Botanical Ingredient
Garlic
Allium sativum
Garlic is arguably the most extensively studied botanical plant in the world, with over 5,000 peer-reviewed papers on its properties. Its primary compound, allicin, is produced when raw garlic is crushed or cut — triggering an enzymatic reaction between alliin and alliinase. Garlic has been valued in traditional herbalism for at least 5,000 years, from ancient Egyptian laborers to World War I field use.

Traditional Uses
- Traditionally valued in virtually all herbal traditions worldwide
- Historically used in topical herbal skin care
- Traditionally valued for general wellness across global traditions
- Historically used in field preparations (used in both World Wars)

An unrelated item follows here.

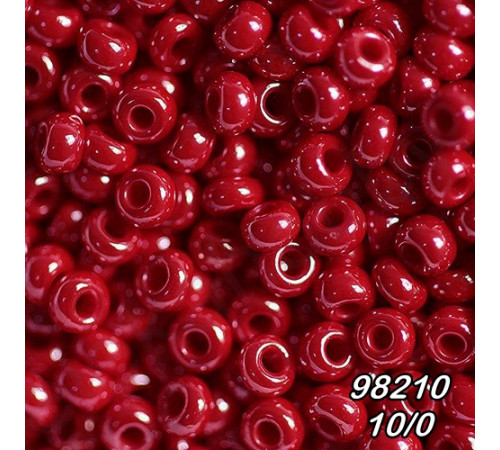 Бісер Preciosa 10/0 червоний (98210-10/0-1с) перлинний 50 гр. Бісер Preciosa 10/0 червоний (98210-10/0-1с) перлинний 50 гр.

- Traditional culinary and herbal plant in Ayurvedic and Chinese traditions
Key Properties
Did You Know
During World War I, British army surgeons used diluted garlic juice in field preparations when conventional supplies ran short. It was so valued that the government issued a general call for garlic donations from the public.
Our Sourcing
Garlic is grown in InVine's Florida garden in Tallahassee, planted in the fall and harvested in late spring. We grow softneck varieties suited to Florida's mild winters, harvesting the bulbs at maturity and curing them properly to concentrate the allicin-producing compounds.
Why We Use It
Garlic needs no introduction and no defense. It is one of the most thoroughly studied botanicals in the plant kingdom — the research base is enormous and unambiguous. I grow it in the garden because having access to fresh, homegrown garlic means having access to the highest-potency allicin possible. The richness of fresh garlic's botanical profile is strongest when it is freshly harvested and processed, which is exactly the advantage a garden gives you over anything you can buy.